ELIZABETH — As the first group at the inaugural West Virginia High School Girls Invitational golf championship strode off the first tee box in pursuit of their opening tee shots, a quantum leap was taken for female athletics in the Mountain State.
Over the course of the day, 52 golfers from 31 schools traversed the 5,491-yard trek at Mingo Bottom Golf Course, bringing to fruition a longtime goal of several within the sport, including the West Virginia Secondary School Activities Commission’s Wayne Ryan.
The tournament was put together late, with a venue change necessitated after the original planned site, Woodridge Golf Club in Mineral Wells, was deemed unplayable. Two inches of rainfall drenched the area on Monday, making practice rounds impossible and creating pockets of standing water across the course on Tuesday. None of that mattered.

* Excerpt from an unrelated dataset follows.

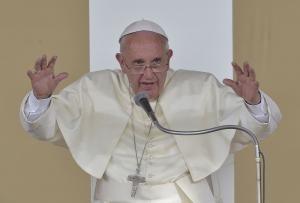 Catholic conservatives wary of Pope's visit to U.S.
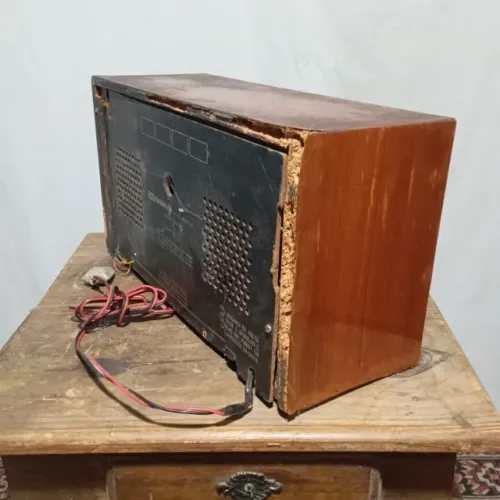 Antigo rádio em madeira para restauro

While Tuesday is the first step in what everyone hopes is many to come, eventually leading to girls golf being separated from boys altogether, for years females will follow in those opening soggy footsteps taken by winner Olivia Hart (Hurricane), Wheeling Park’s Dorothy Romanek, George Washington’s Emma Nicol and Parkersburg’s Nicole Lincicome.

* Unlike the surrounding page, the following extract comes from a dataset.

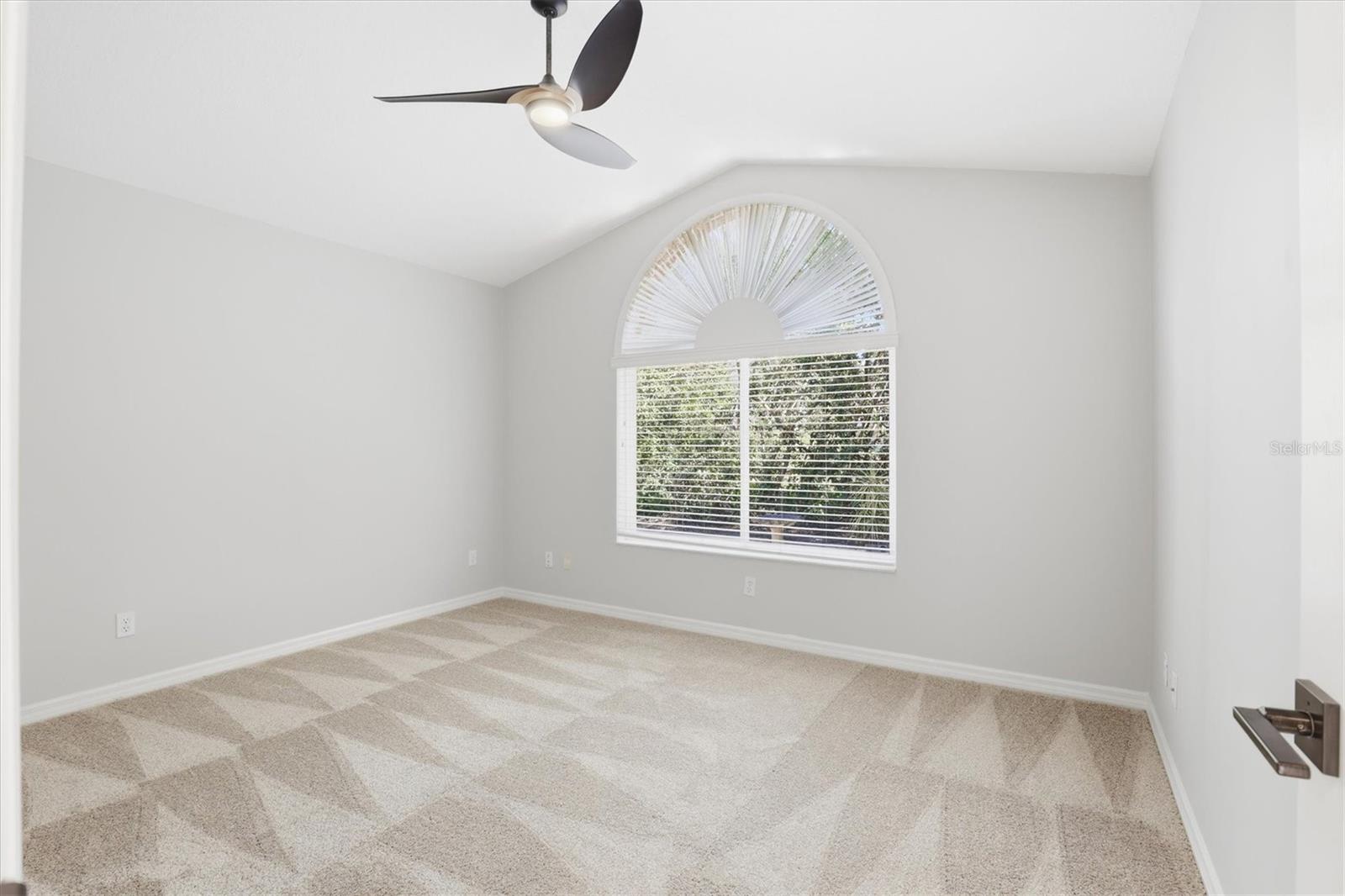 Listing photo id 38 for 2111 Pinnacle Circle N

Maybe from the outside, it’s tough to understand why an all-girls golf tournament is a big deal and why growing the sport matters at all.
First, call a college women’s golf coach sometime and discuss the difficulty of filling scholarships, especially with in-state and even American players. The hope is that by growing the sport among females, participation will increase, leading to more educational opportunities for high school girls.
Also, spots in the current coed state tournament can be tough to come by, especially for individual qualifiers where only two spots off non-qualifying teams are available per region.
Scott Davidson, the pro at Parkersburg Country Club, assisted with proceedings on Tuesday. His daughter Lauryn is a senior golfer at Division I Lipscomb and yet she never qualified for a state tournament.
It was certainly a big deal to Jefferson’s Kailey Keisler, who left her house at 4:30 a.m. Tuesday and traversed nearly 300 miles and close to five hours to be a part of history.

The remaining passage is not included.